In the data below, the copy begins at the line containing "After preparation, a" and runs through the last line; repeat those lines exactly, minus the pictures.

[Given information Boundary: Start]

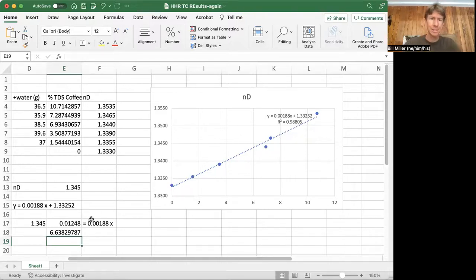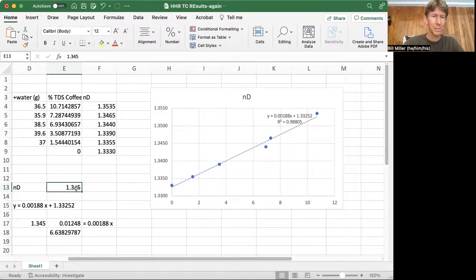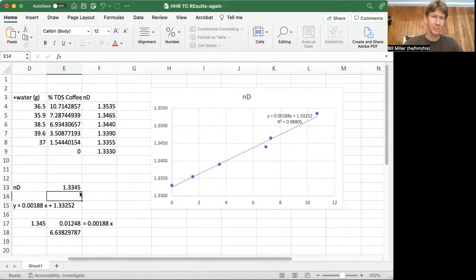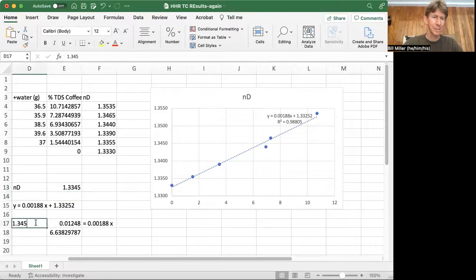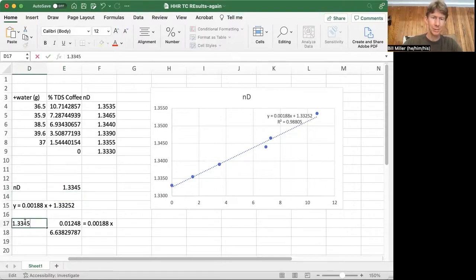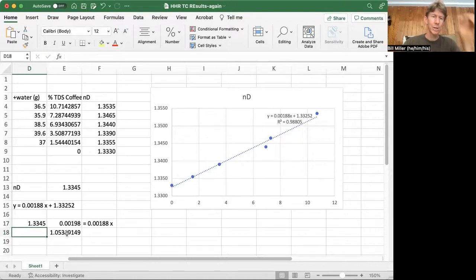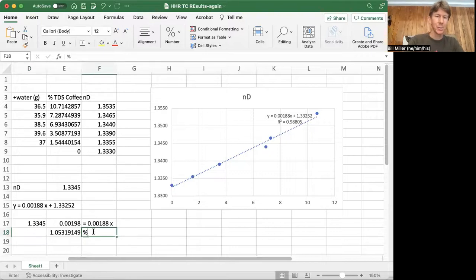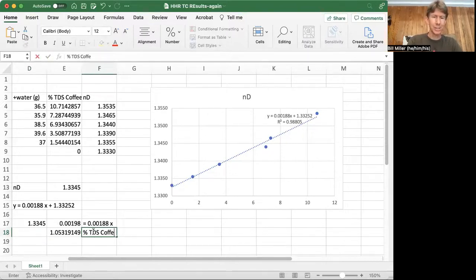Let's just plug this in. So 1.3345. 1.3345. 1.05%. That is my percent total dissolved solids coffee.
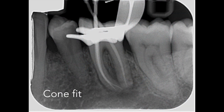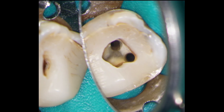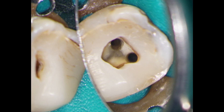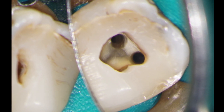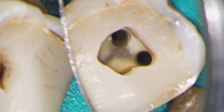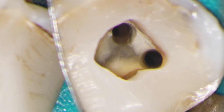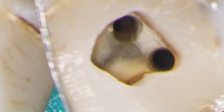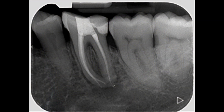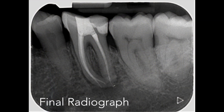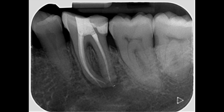After preparation, a cone fit radiograph was exposed. The canals have been dried prior to obturation, and you can see that the access cavity outline is irregular but follows the pattern of the pulp floor. The final radiograph shows a good coronal apical seal. In this case the tooth was obturated using a vertically compacted gutta percha technique. The first review will be in one year.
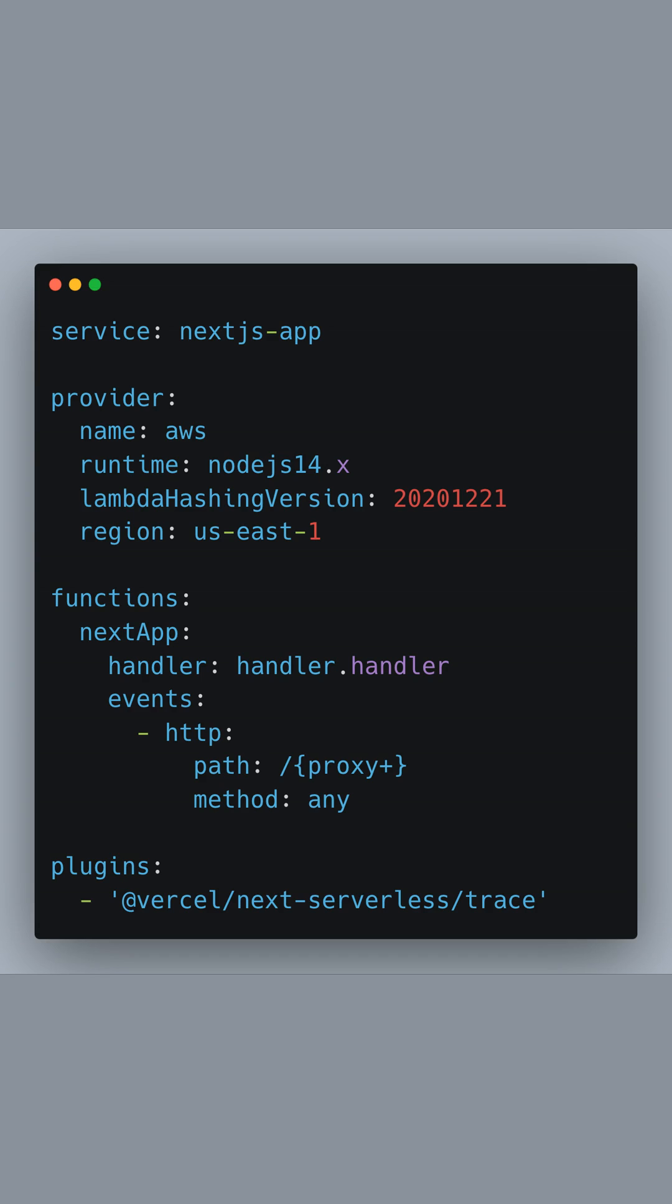Under the provider section, we set AWS as our cloud provider, select the Node.js 14.x runtime to match our application's environment, and specify the region we want to deploy our app to. In the functions section, we define the nextApp function that points to the handler we've created.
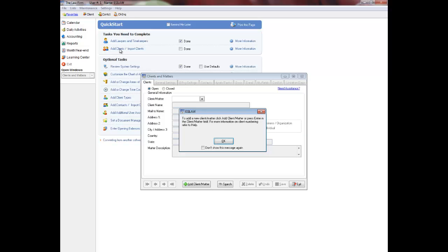The Clients feature is used to add clients and to edit and delete existing clients. Use Enter, Tab, or the mouse to navigate through the fields.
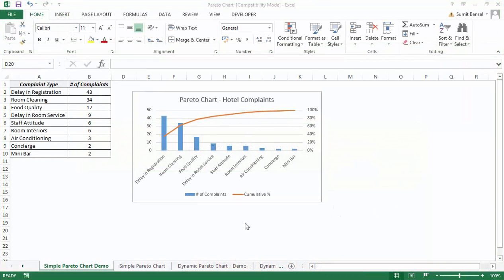Let me first show you what a Pareto chart is. Here I have the hotel complaint data with complaint types such as delay in registration, room cleaning, food quality, and so on, along with the number of complaints. A Pareto chart is a chart which you can use to identify those complaint types that would constitute the maximum number of complaints.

[Given information Boundary: End]

Expected answer:
After preparation, a cone fit radiograph was exposed. The canals have been dried prior to obturation, and you can see that the access cavity outline is irregular but follows the pattern of the pulp floor. The final radiograph shows a good coronal apical seal. In this case the tooth was obturated using a vertically compacted gutta percha technique. The first review will be in one year.
Under the provider section, we set AWS as our cloud provider, select the Node.js 14.x runtime to match our application's environment, and specify the region we want to deploy our app to. In the functions section, we define the nextApp function that points to the handler we've created.
The Clients feature is used to add clients and to edit and delete existing clients. Use Enter, Tab, or the mouse to navigate through the fields.
Let me first show you what a Pareto chart is. Here I have the hotel complaint data with complaint types such as delay in registration, room cleaning, food quality, and so on, along with the number of complaints. A Pareto chart is a chart which you can use to identify those complaint types that would constitute the maximum number of complaints.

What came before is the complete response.